PROBLEM:
Among the entries, which lines carry the string "Audi"? Copy every one.

TASK DATA:

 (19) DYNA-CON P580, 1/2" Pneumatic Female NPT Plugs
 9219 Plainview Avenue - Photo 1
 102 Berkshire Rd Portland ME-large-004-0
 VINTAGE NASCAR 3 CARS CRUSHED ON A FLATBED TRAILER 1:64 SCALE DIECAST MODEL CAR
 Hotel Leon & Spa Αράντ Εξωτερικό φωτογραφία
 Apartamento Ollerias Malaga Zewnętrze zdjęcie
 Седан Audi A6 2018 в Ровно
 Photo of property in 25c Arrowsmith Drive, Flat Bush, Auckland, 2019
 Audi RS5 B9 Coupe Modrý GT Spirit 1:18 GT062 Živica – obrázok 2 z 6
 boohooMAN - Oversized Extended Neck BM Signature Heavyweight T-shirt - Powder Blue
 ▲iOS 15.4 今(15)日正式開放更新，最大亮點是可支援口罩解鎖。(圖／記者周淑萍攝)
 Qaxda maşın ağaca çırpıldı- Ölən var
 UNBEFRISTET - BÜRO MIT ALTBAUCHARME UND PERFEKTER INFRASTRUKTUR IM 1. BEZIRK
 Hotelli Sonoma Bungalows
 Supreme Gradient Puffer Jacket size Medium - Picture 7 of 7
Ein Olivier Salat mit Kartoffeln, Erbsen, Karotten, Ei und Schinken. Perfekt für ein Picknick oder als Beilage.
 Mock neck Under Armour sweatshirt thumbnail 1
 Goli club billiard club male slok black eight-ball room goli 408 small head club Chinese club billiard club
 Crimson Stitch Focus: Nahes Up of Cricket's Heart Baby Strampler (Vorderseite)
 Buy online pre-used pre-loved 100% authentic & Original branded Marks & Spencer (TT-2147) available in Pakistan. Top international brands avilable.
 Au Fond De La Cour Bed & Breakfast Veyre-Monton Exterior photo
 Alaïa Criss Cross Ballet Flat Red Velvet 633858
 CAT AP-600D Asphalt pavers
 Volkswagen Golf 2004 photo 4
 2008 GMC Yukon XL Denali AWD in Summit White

EXERCISE SOLUTION:
 Седан Audi A6 2018 в Ровно
 Audi RS5 B9 Coupe Modrý GT Spirit 1:18 GT062 Živica – obrázok 2 z 6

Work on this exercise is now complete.